Dataset entries:
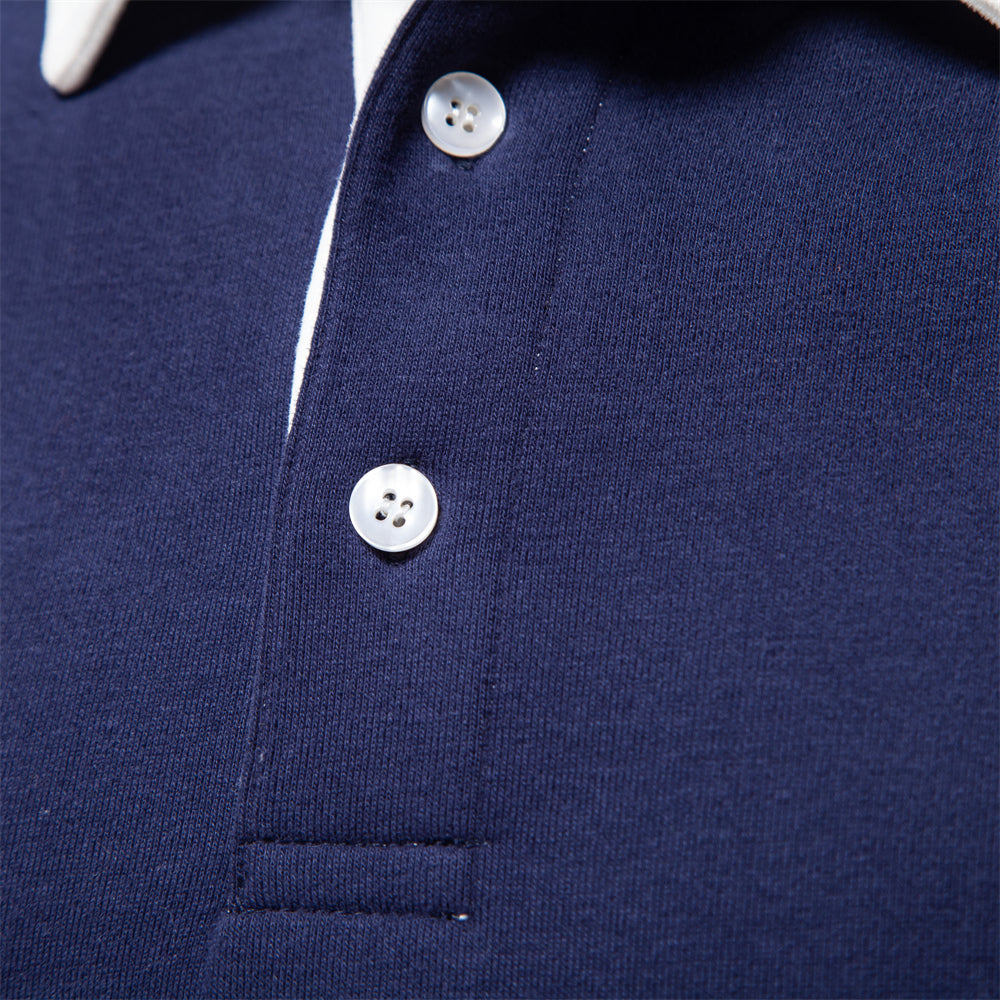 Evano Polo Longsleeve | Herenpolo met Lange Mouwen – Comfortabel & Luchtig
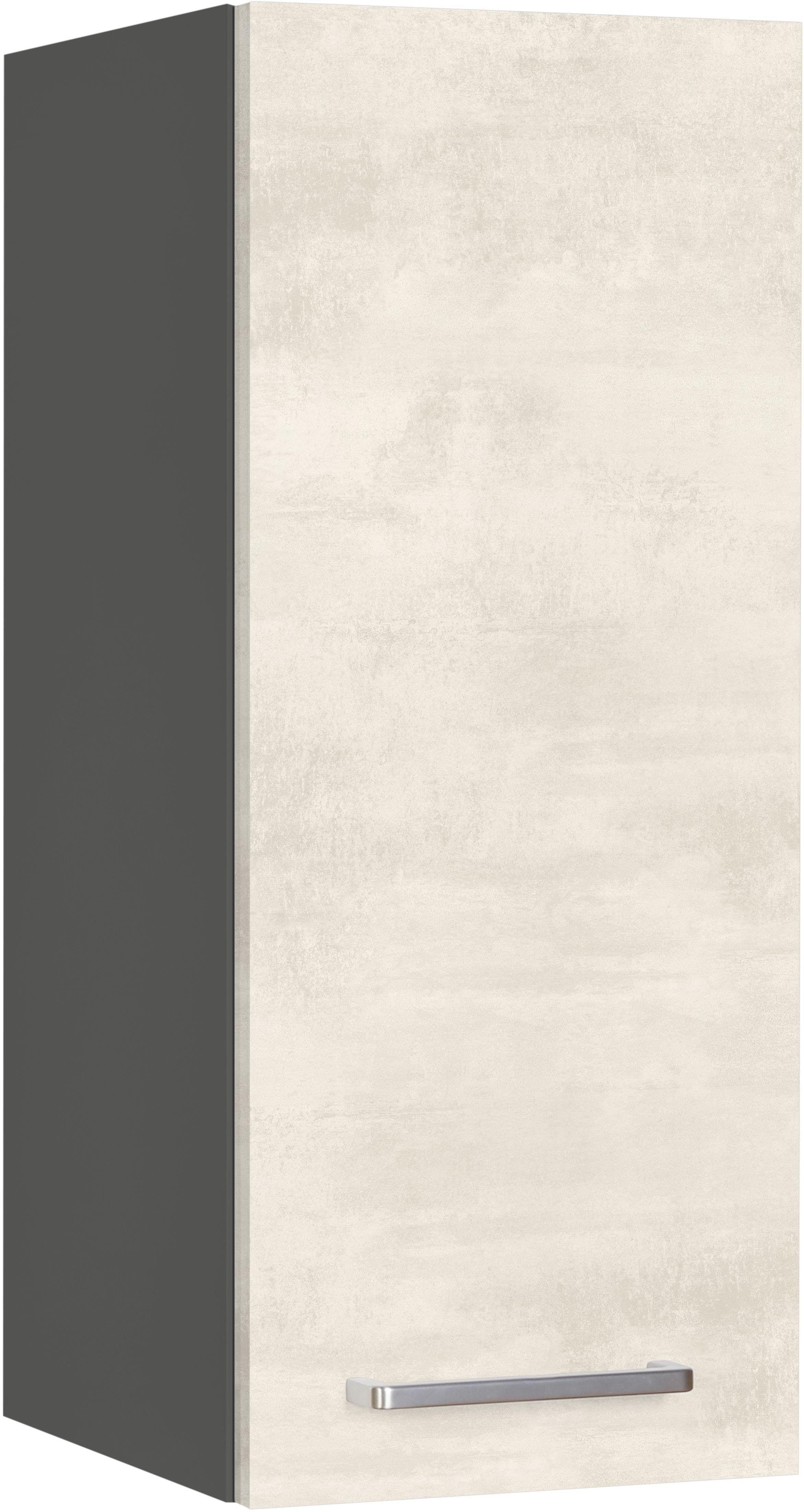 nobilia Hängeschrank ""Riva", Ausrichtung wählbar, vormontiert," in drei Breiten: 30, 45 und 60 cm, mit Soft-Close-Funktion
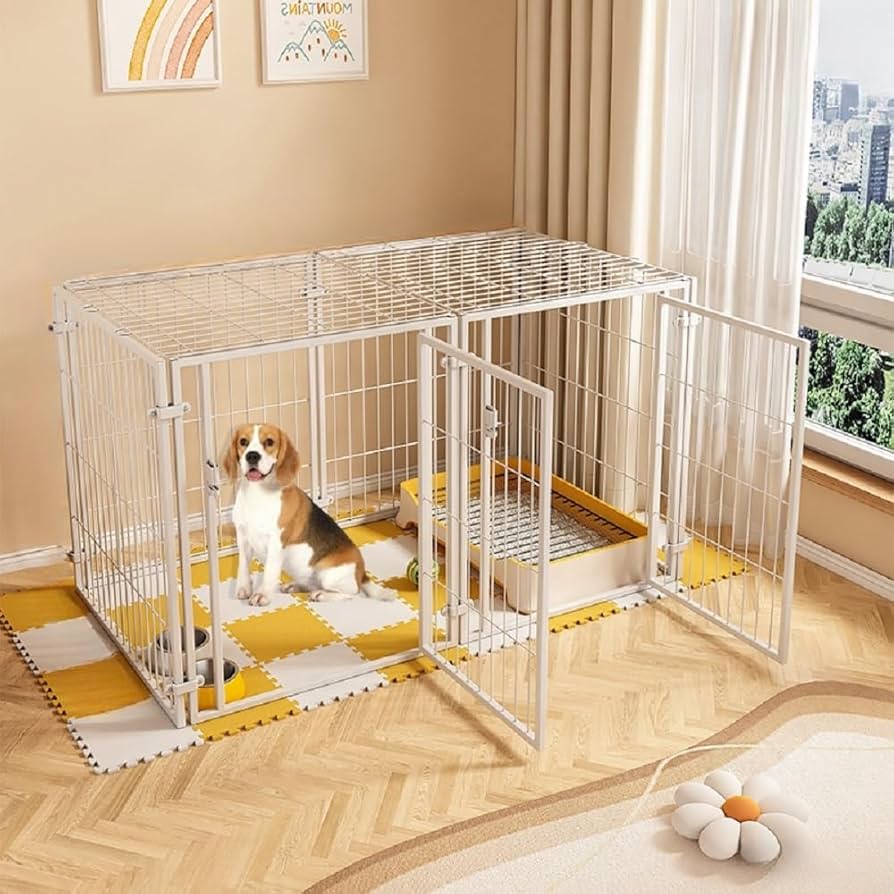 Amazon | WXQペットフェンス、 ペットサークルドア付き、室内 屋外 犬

==

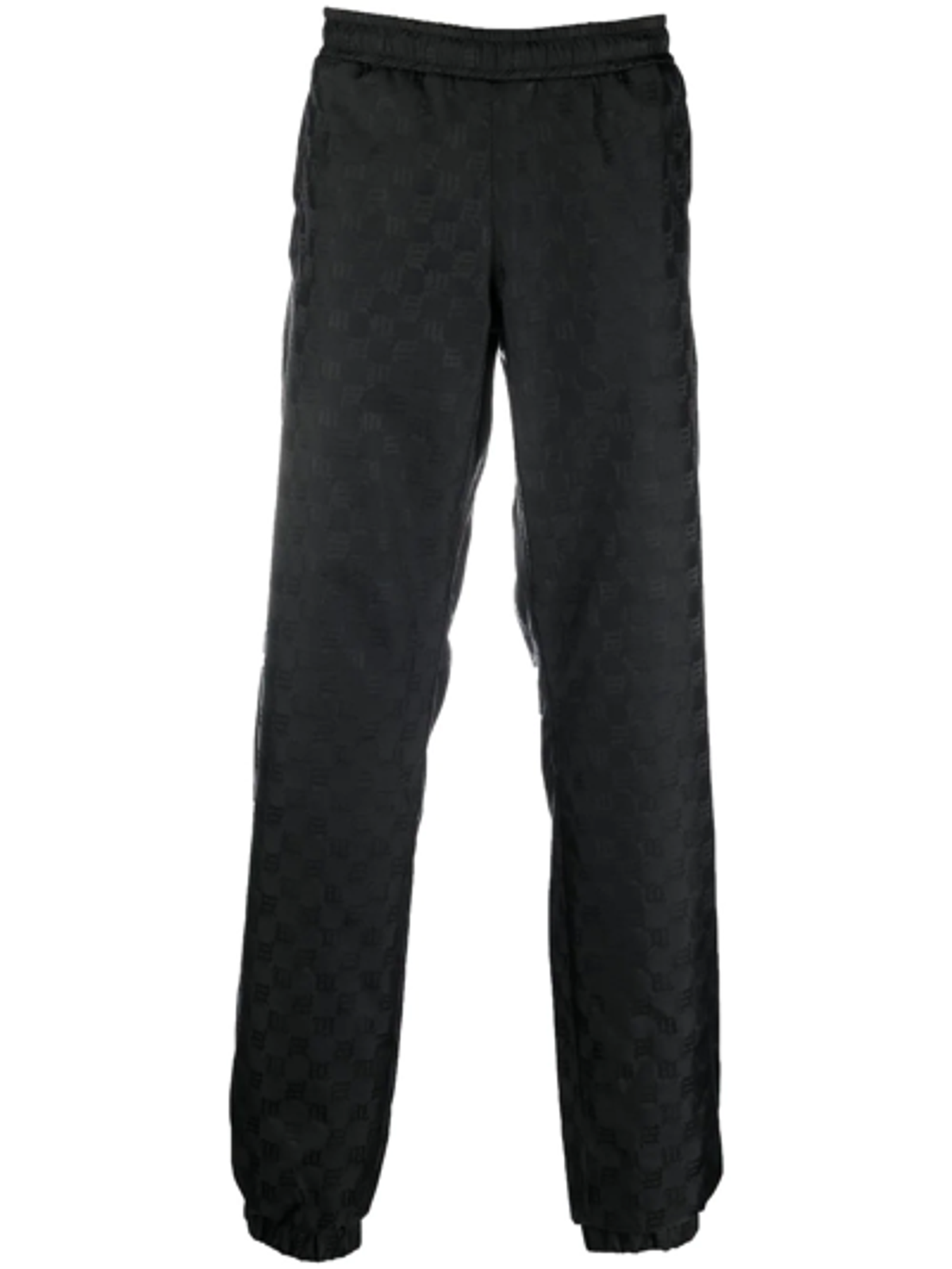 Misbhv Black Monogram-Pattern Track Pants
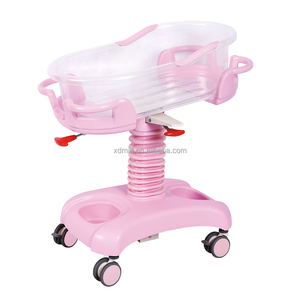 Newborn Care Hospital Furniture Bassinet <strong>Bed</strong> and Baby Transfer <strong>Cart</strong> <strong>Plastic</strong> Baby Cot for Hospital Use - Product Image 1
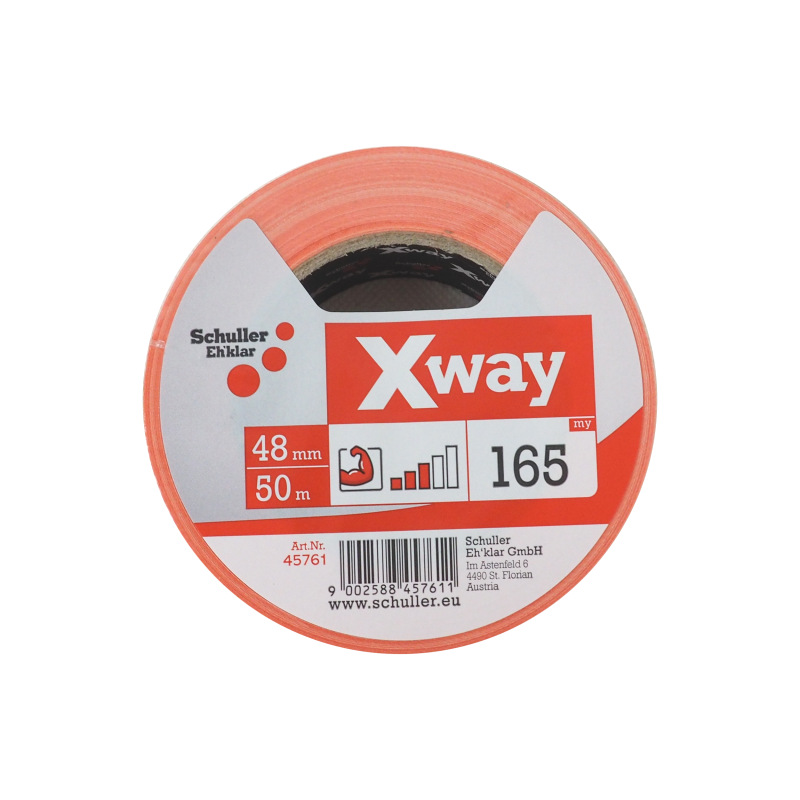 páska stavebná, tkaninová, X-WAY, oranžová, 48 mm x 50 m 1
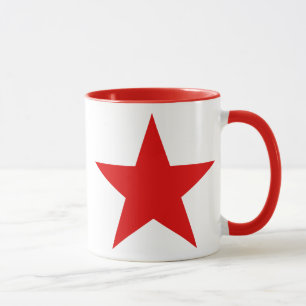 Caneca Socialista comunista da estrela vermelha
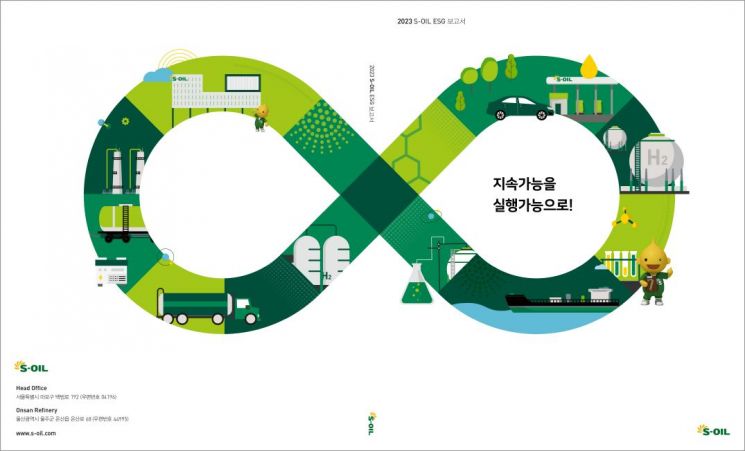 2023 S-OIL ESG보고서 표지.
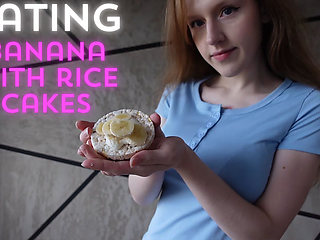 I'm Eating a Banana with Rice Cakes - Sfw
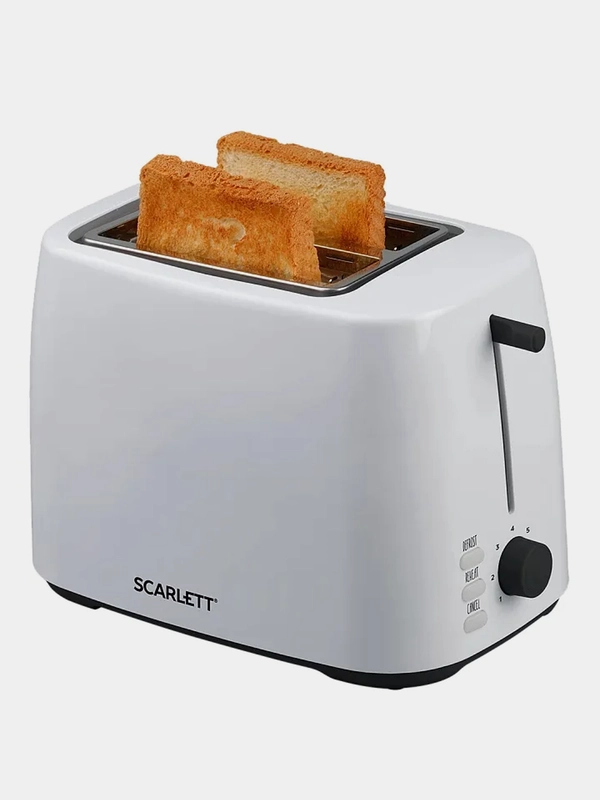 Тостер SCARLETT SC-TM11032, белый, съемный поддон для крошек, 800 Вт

---

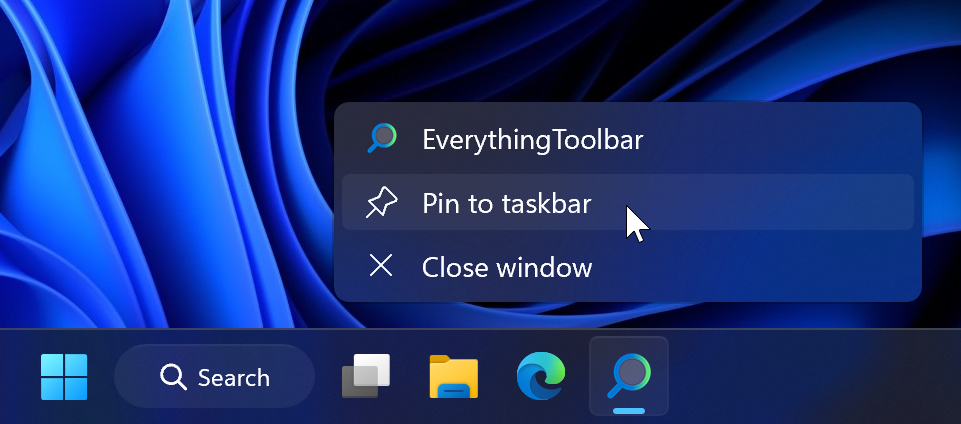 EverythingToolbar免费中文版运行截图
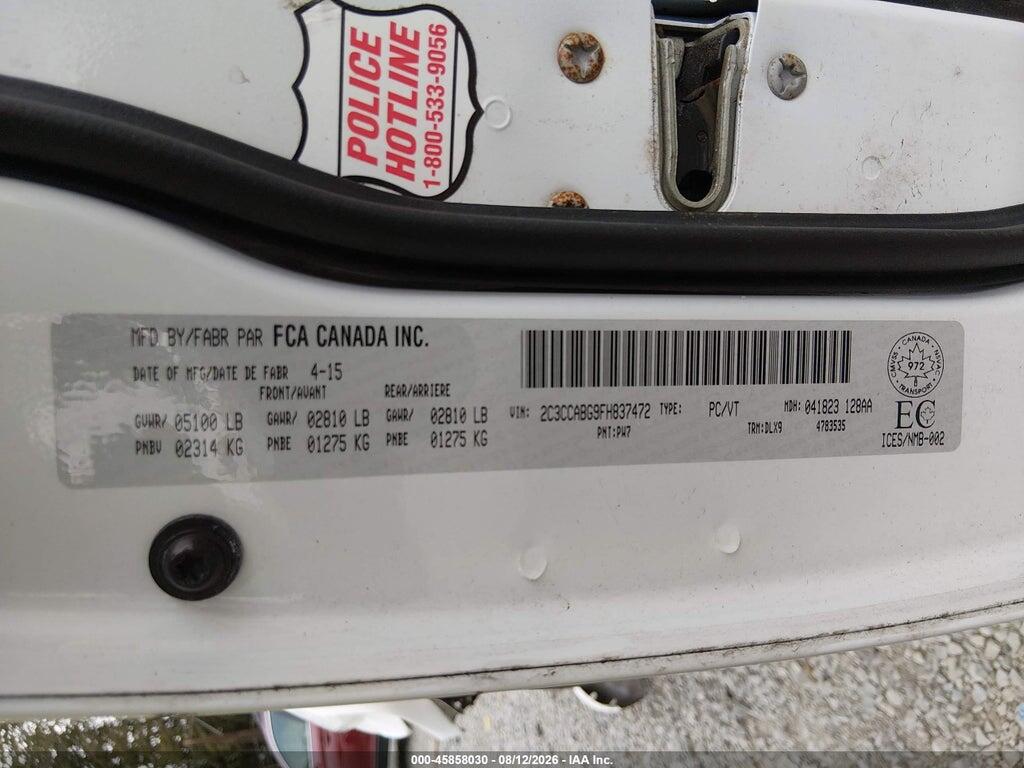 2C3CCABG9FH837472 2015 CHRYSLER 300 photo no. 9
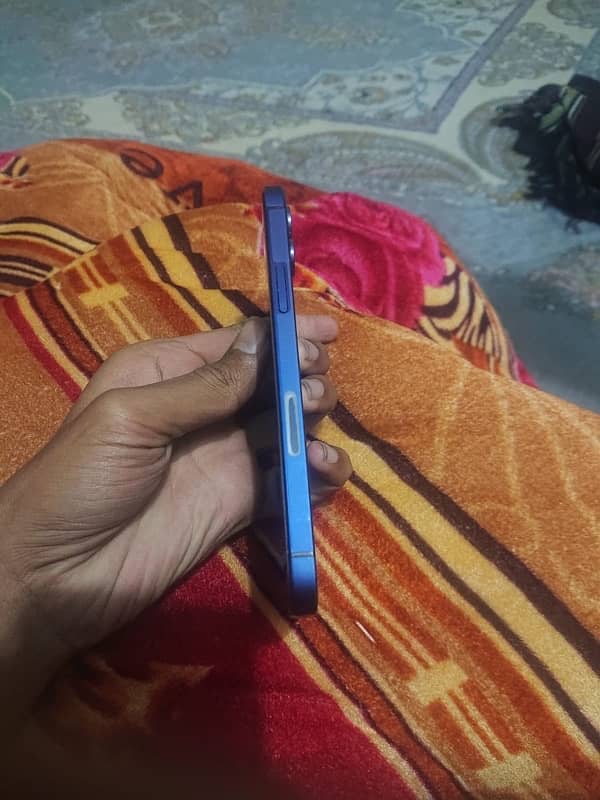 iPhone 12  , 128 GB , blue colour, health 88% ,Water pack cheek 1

What the task requires: Give again, exactly as written above, each line from the one that has "EverythingToolbar免费中文版运行截图" to the one that has "pack cheek 1", both included; omit the pictures.

Task answer:
 EverythingToolbar免费中文版运行截图
 2C3CCABG9FH837472 2015 CHRYSLER 300 photo no. 9
 iPhone 12  , 128 GB , blue colour, health 88% ,Water pack cheek 1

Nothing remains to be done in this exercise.